C’est vrai, on ne parle plus aujourd’hui que des intelligences artificielles génératives. Bon il faut bien avouer aussi que quand une révolution éclate, ça fait couler de l’encre, beaucoup d’encre même…
Rassurez-vous, on ne parlera pas ici de Chat GPT, du moins de ses possibilités. Nous allons plutôt évoquer son interdiction récente en Italie. C’est plutôt le côté légal ou plus spécifiquement le côté moral de cet acte, qui nous intéresse ici.
La question est donc de savoir si un Etat peut, en effet, moralement se permettre d’interdire une innovation avec effet immédiat, tout simplement parce qu’il craint quelque chose, qui n’est pas encore arrivé et qui pourrait ne jamais arriver du tout, finalement ?
Bon, ça, c’est pour la version officieuse, mais attendez-vous quand même au pire pour la suite, car il existe forcément une version plus officielle (et plus douteuse)…
La nature même de ChatGPT n’est pas en concordance avec la très stricte législation en vigueur sur la protection des données – vous vous en doutez, le RGPD continue ici de faire des ravages – ce qui veut dire surtout que, d’un point de vue européen, si on donne raison aux autorités italiennes, nous ne pourrions peut-être jamais pouvoir utiliser des IA génératives dans l’Union Européenne. Cela voudrait dire que nous pourrions accuser un retard technologique considérable sur les pays qui auront accès à cette technologie, et forcément une fois de plus, élargir notre écart de productivité avec des pays comme les Etats-Unis et surtout comme la Chine.
Un paradoxe qui risque de nous mener dans une impasse…
L’Italie a-t-elle le droit moral d’interdire l’accès (unilatéralement) sur son territoire (ou surtout à sa population) à ChatGPT?
L’histoire se répète. Il faut bien avouer que cela n’est pas sans rappeler une administration Hollande qui interdit tout aussi unilatéralement l’application Uberpop, (en évoquant un prétexte sécuritaire) ou la ville de Bruxelles qui, quant à elle n’avait rien trouvé de plus intelligent que d’interdire tout simplement les services VTC de l’entreprise américaine… Et on passe sur les multiples tentatives d’attaques (voire même de démantèlements) – prétendues légales, mais très organisées par des lobbies – sur des entreprises qui bouleversent les modèles sociaux et économiques existants.

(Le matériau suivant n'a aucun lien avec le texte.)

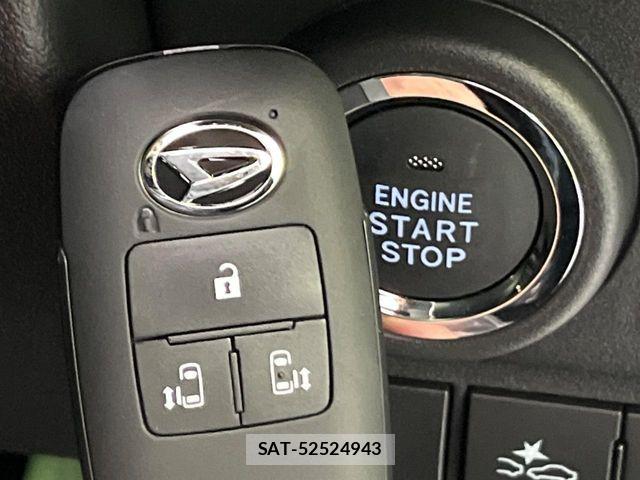 Daihatsu ATRAI 2026-03 8206334-4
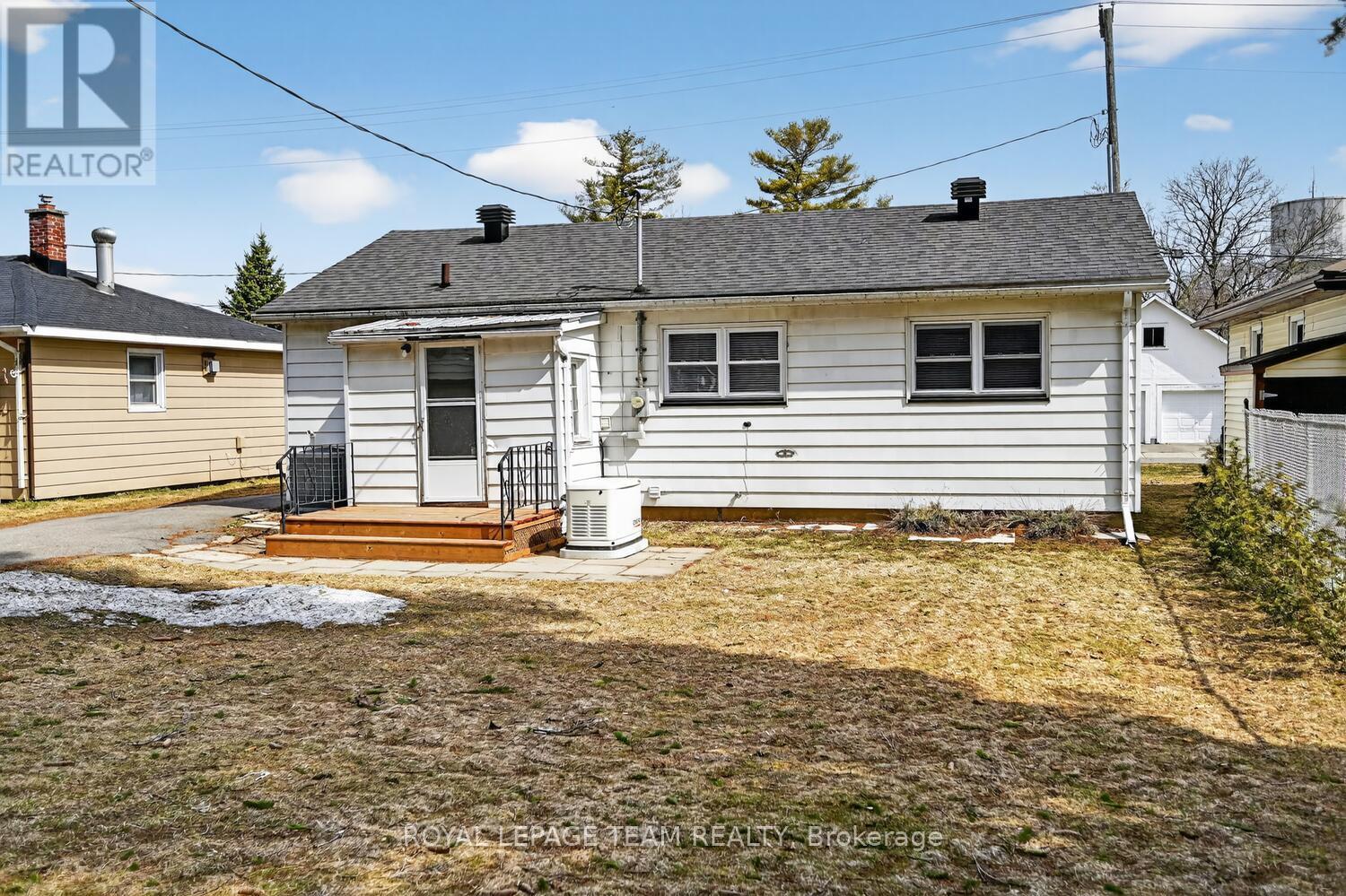 763 Josephine Street, Prescott, Ontario  K0E 1T0 - Photo 21 - X12948994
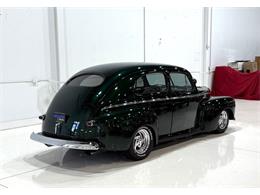 1942 Ford Super Deluxe (CC-2085834) for sale in Roanoke, Texas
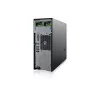 Fsas Technologies Fujitsu PRIMERGY TX1330 M6 - Serveris - Bokštinis - 1 procesorius - 1 x Xeon 6369P / 3,3 GHz - RAM 32 GB - SATA/SAS - Keičiamas karštuoju būdu 6,4 cm (2,5 colio)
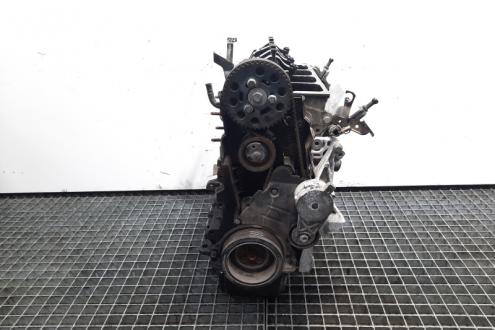 Motor, cod BJB, VW Caddy 3 (2KA, 2KH), 1.9 TDI (pr;110747)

Bien entendu, l’Etat italien évoque ici, un aspect légal pour justifier un acte dont Benito Mussolini, aurait été lui-même digne (le titre de cet article n’était pas anodin). A savoir, prendre une décision sur le vif et la mettre en application avec effet immédiat. Mais, ce dernier pouvait se le permettre sans contestations, même si on sait que les conséquences de ses décisions furent désastreuses. Et les conséquences de cette interdiction par les autorités italiennes pourraient elles aussi, être désastreuses au niveau européen. Si l’administration italienne arrive en effet, à ses fins, d’autres membres de l’union pourraient à leurs tours s’y mettre aussi.
Rappelons que l’Italie, c’est quand même la troisième puissance économique européenne. Mais il s’agit aussi (et surtout) d’une économie extrêmement fragilisée qui, à maintes reprises a, à son tour fragilisé l’Union Européenne toute entière.
Bon, allez, ça c’était pour le contexte…
Donc récapitulons…
Des nouveaux modèles technologiques qui s’installent dans nos vies et font basculer des mécanismes sociaux qui se trouvent bien mis en place. A cela, il faut ajouter un retour de flamme autoritaire, très largement discutable, voire même très critiquable. Et tout ceci pourrait entraîner des problèmes économiques importants – voire même critiques - au niveau européen…
Oui nous avons parlé de ChatGPT, du RGPD, de Mussolini, de François Hollande et de la capitale européenne.
Quel rapport me direz-vous ?
Une peur chronique qui entraîne à chaque étape, des décisions cruciales prises émotionnellement. Des excès de législation(s). Des freins économiques et forcément un écart qui se creuse considérablement entre les nations (et le pire, c’est que cet écart nous concerne entre occidentaux) !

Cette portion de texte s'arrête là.